A fair deal at Kaiser
Re: “Over 3,000 Colorado Kaiser front-line workers ready to strike,” Aug. 21 commentary; and “A fair deal at Kaiser that keeps care affordable,” Aug. 27 commentary
I am one of those roughly 650,000 members of Kaiser Permanente. The impassioned plea conveyed by letter writer Shelly Fowlkes in her commentary disturbed me very much because my every contact with Kaiser personnel has been represented by the highest level of professionalism. However, after reading CEO Ron Vance’s response to Fowlkes’ rant about unfair treatment of her union by Kaiser management, I now wonder just who is not being forthright in this negotiation process.

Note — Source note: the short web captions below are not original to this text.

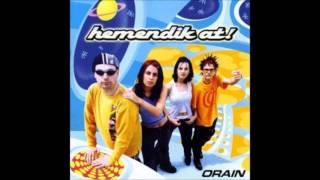 Video thumbnail of "02 "Orain" (Hemendik At!, "Orain", 1999)"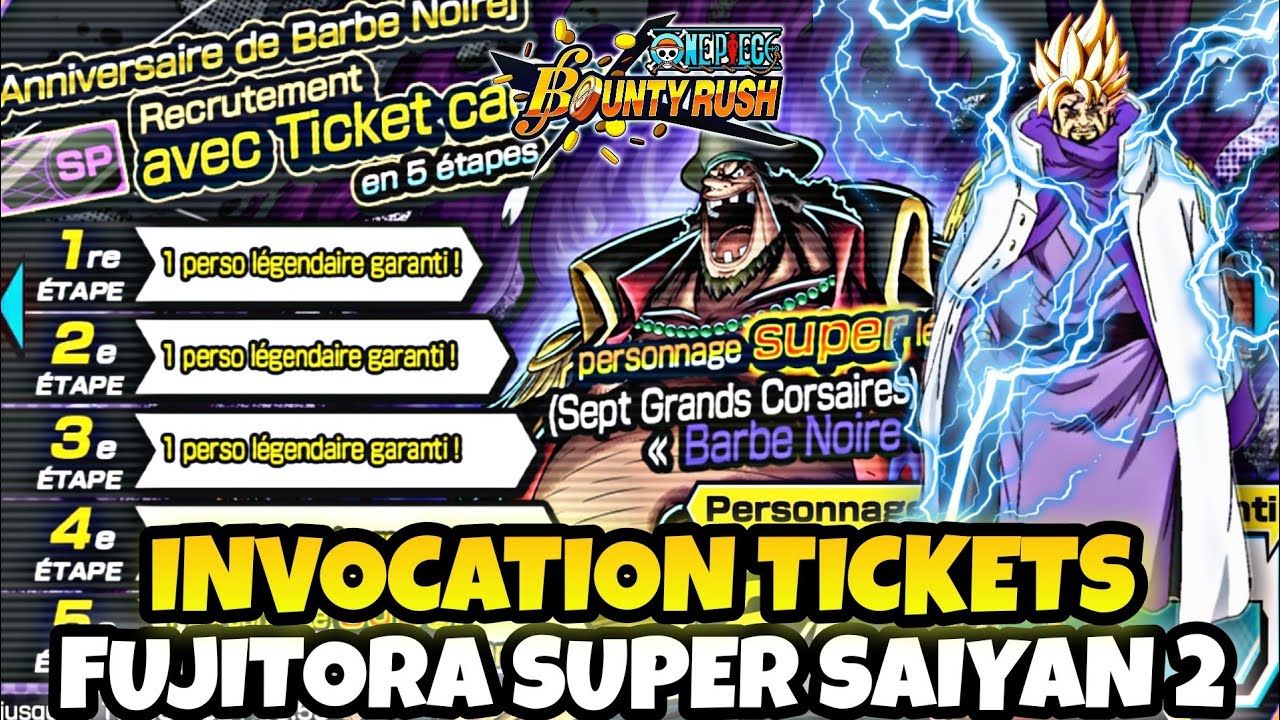 INVOCATION TICKETS & MULTI !!! UN FUJITORA SSJ2 ??? ROGER EN SUEUR | ONE PIECE BOUNTY RUSH - OPBR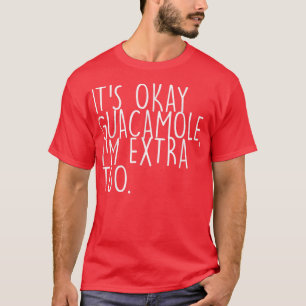 T-shirt Avocado GuacamoleSon Okey GuacamoleGuacamole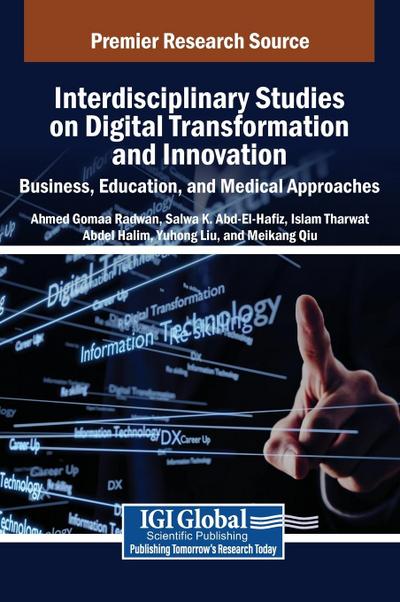 Interdisciplinary Studies on Digital Transformation and Innovation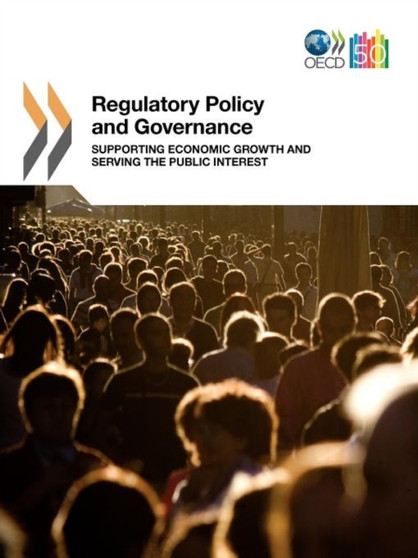 Regulatory Policy and Governance : Supporting Economic Growth and Serving the Public Interest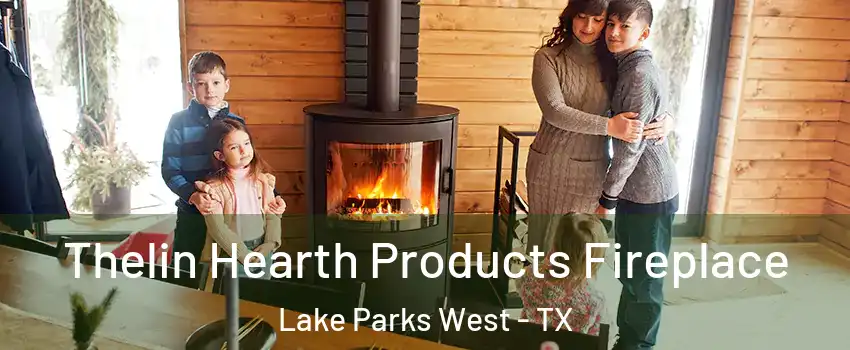 Thelin Hearth Products Fireplace Lake Parks West - TX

According to Vance, the company is offering union members above market wages and benefits, no wage freezes and no contemplated layoffs. This being the case, what is the problem? As free-market enterprise sets the value of wages and benefits in America, I ask what is the value of these members’ services in the open market? Where could they do better, in terms of work environment, remuneration and job security, than at Kaiser?
Finally, a caveat to the union: Be careful when you threaten Kaiser management with a strike. Just remember what President Ronald Reagan did in 1981 to 11,000 air traffic controllers who thought they were irreplaceable and called his bluff. They were all shown the door!
John Marshall, Arvada
No need to renovate DIA
Re: “DIA had to get out of a bad P3,” Aug. 25 editorial
I fly about 10 times a year through DIA. When they announced the renovation, I could not fathom what they were trying to improve, especially for several hundred million dollars. The airport has matured and is operating very smoothly, with reasonable wait times at security, a wide variety of dining options on the concourses and reliable baggage and transport systems. I sense that airport management had a lot of money burning a hole in their pockets. I expect this from my young grandchildren, but not from senior management at the airport or the mayor. Maybe next time they could ask their customers whether they want a big disruptive project of suspect value or a reduction in rates.
Peter Smith, Castle Rock
Keeping foreign automakers out of federal contracts
Washington is considering a defense spending bill that includes a section covering spending for big-ticket transit items. Up for debate is a rule that would prohibit federal-backed contracts for electric buses or railcars made by a foreign state-owned, controlled or subsidized company.
Itap another way of saying “no federal tax dollars to subsidize manufacturers backed by the Chinese government.”
But a weaker rule may pass instead, and it would allow a company such as Build Your Dreams (BYD) — an automaker that receives billions of dollars in subsidies from the Chinese state — to win U.S. federal contracts for the electric buses it imports from China and assembles in California.
BYD is looking for a foothold in the U.S. auto market, and access to federal contracts is a great one. If it gets it, the thousands of workers at domestic bus and auto manufacturers and their suppliers should watch out: They will be in direct competition with a Chinese “national champion” that is less concerned with its bottom line than with capturing market share.
Rep. Jason Crow is only in his first term. But he’s a member of the House Armed Services Committee and co-sponsored the bill with tougher language. Before this legislation becomes law, Rep. Crow will have a voice in this. Will Congress create a carve-out for China-backed companies such as BYD, or will it ensure taxpayer dollars stay out of the hands of companies that aren’t playing fair?